Marching together, Workers knew they deserved all the accolades the tired town could muster.
Yet, even this most forgiving atmosphere where heaps of blue and orange confetti were periodically blasted from the backs of municipal pickup trucks couldn’t obscure the level of Worker resentment and anger roiling just beneath the highly-produced pomp and pageantry.
Parade placards declaring: “Not All Heroes Wear Capes” and “Our Labor Saved Lives,” carried an edge.
Hearse Drivers, Embalmers and Cemetery Staffers made room on their proud banner for an impromptu “FDNY EMS Fair Pay Now!” sign.
As much as he would’ve liked, hapless outgoing Mayor Bill de Blasio still couldn’t get everybody on a float.
The American Federation of State, County & Municipal Employees’ (AFSCME) District Council 37 - the largest Public Employees Union in New York City with some 150,000 Members - told Hizzoner just what they thought of his self-serving party by simply not showing up.
Other Unions joining DC 37 in its parade boycott, including those representing the Fire Department’s Bureau of Emergency Medical Services (EMS), as well as the United Probation Officers Association (UPOA), also had no stomach for the naked hypocrisy of patting bone-weary Workers on the back, while at the same time continuing to deny them fundamental things including pay parity, early retirement and a fair contract.
“If the mayor wants to celebrate the Front Line City Workers who put their health and safety on the line to keep New York running at the height of the pandemic, he can start by ensuring every City Worker has a fair contract that pays a Living Wage,” the UPOA said in a statement.

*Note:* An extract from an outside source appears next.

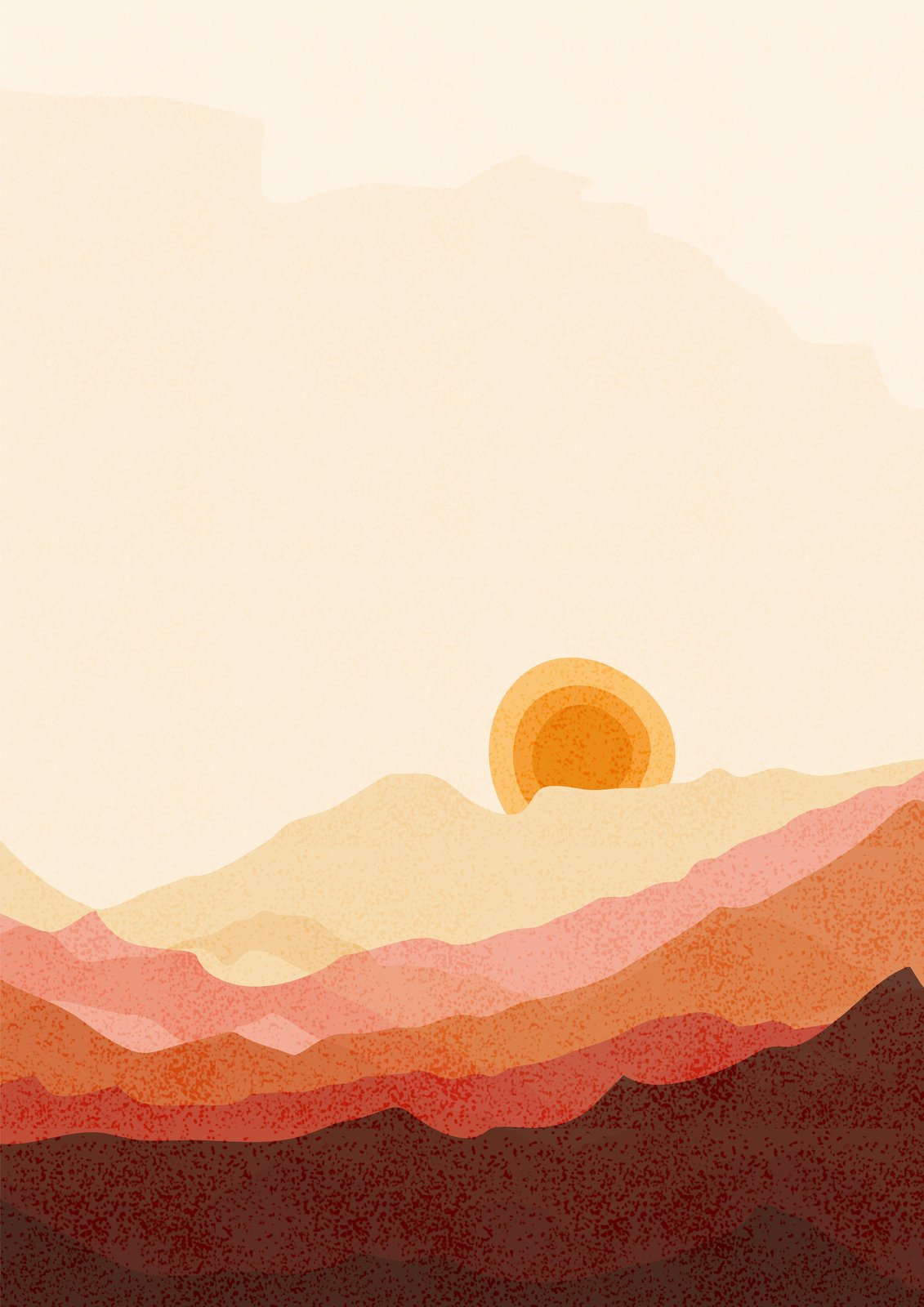 Bohemian Sunset Mountain Landscape Wall Art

Just a week before the Hometown Heroes Parade, some 200 Retired City Workers took to the streets of lower Manhattan to protest a secretive backroom deal swapping out their Medicare Health Care Plans with private Medicare Advantage - ones costing them thousands of dollars a year.

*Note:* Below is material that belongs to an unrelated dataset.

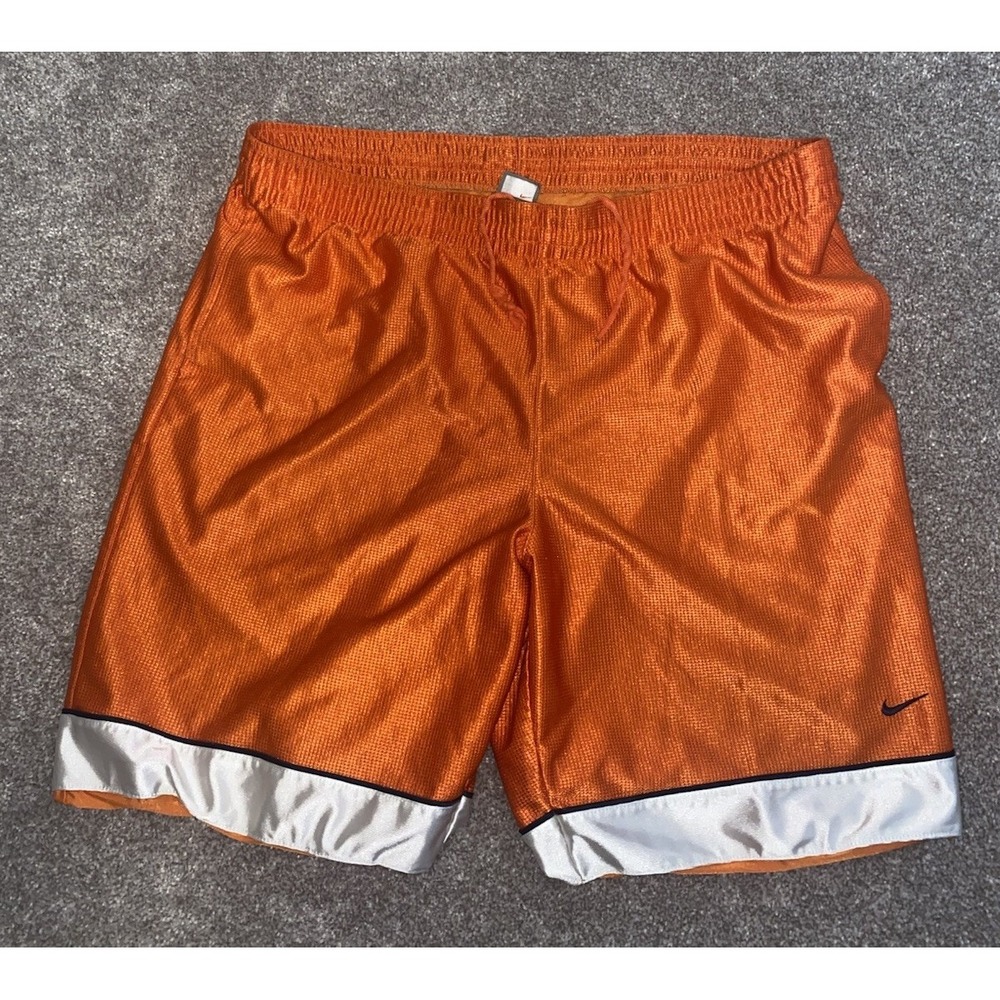 Nike Gray Tag‎ Mens XL Orange Swoosh Casual Workout Shorts Gym Basketball Baggy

“I worked thirty-four years,” Retired Special Education Teacher and United Federation of Teachers (UFT) Member Gloria Brandman said at the scene. “I was promised Medicare and supplements paid for by the city.”
Nationwide, Front Line Workers who risked all throughout the pandemic are still waiting for fundamental job protections, vital health care coverage, a $15-an-hour Minimum Wage, the right to organize and enforceable workplace safety standards to protect them against the further spread of COVID-19 and its emerging variants.